Inquérito aponta que piloto de aeronave vinda do Caribe burlou raio-x com conivência de auditor da Receita; caso envolvendo Hugo Motta e Ciro Nogueira foi enviado ao STF.

Publicado em 28 de abril de 2026 às 17:53

Print das gravações do desembarque.
Print das gravações do desembarque. Crédito: Reprodução/Internet

A Polícia Federal (PF) instaurou uma investigação para apurar os crimes de prevaricação e descaminho envolvendo o desembarque de bagagens sem fiscalização no Aeroporto Executivo Internacional São Paulo Catarina. O episódio ocorreu em um voo privado vindo da ilha de São Martinho, no Caribe, território considerado paraíso fiscal, que transportava figuras centrais da política brasileira e um empresário do setor de apostas.

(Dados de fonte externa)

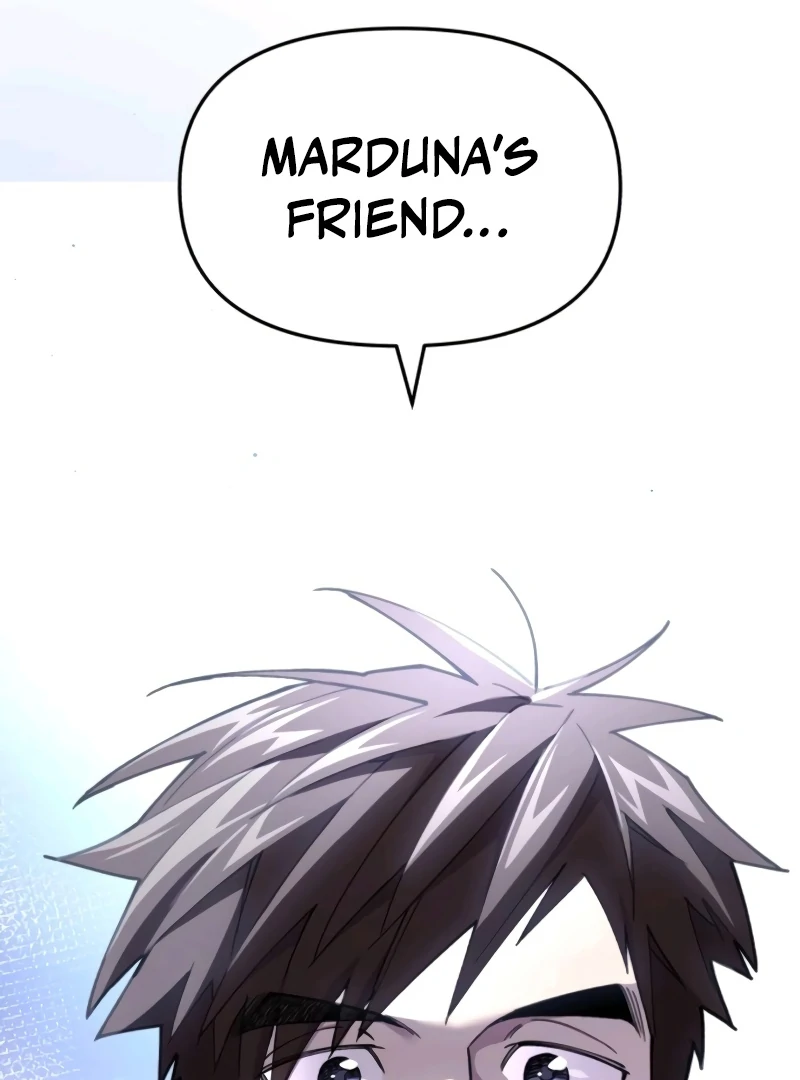 Single Dad In Another World Chapter 10 605 025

Entre os passageiros estavam o presidente da Câmara, Hugo Motta (Republicanos-PB), o senador Ciro Nogueira (PP-PI), os deputados federais Dr. Luizinho (PP-RJ) e Isnaldo Bulhões (MDB-AL), além de Fernando Oliveira Lima, conhecido como "Fernandin OIG", apontado como operador de plataformas de apostas.

De acordo com o relatório da PF, imagens do circuito de segurança registradas na noite de 20 de abril de 2025 mostram o piloto José Jorge de Oliveira Júnior realizando uma manobra para evitar a inspeção. Após passar inicialmente pelo raio-x com duas malas, ele teria retornado minutos depois com sete volumes, incluindo mochilas, caixas e até um edredom, e contornado o pórtico de detecção de metais sem submeter os itens à fiscalização.

A investigação aponta que o auditor da Receita Federal Marco Antônio Canella teria acompanhado a movimentação e permitido a passagem dos volumes sem a devida conferência. Registros de agentes aeroportuários indicam ainda uma possível "irregularidade generalizada" no desembarque, com a liberação de eletrônicos e garrafas sem os protocolos padrão.

Devido à presença de parlamentares com prerrogativa de foro, o caso foi remetido ao Supremo Tribunal Federal (STF) em março deste ano pela Justiça Federal de Sorocaba. A PF argumentou que não é possível descartar o envolvimento das autoridades nas condutas ilícitas, embora não se saiba categoricamente o conteúdo das malas ou a quem pertenciam. O ministro Alexandre de Moraes foi designado relator do caso e já solicitou a manifestação da Procuradoria-Geral da República (PGR).

Em nota, o deputado Hugo Motta afirmou ter cumprido todos os protocolos da legislação aduaneira e disse que aguardará a manifestação da PGR. O deputado Dr. Luizinho informou que não irá se manifestar, enquanto o senador Ciro Nogueira e os demais citados não responderam aos contatos até o momento. O piloto não foi localizado pela reportagem.

Texto por Suellen Godinho, com supervisão de Cássio Leal.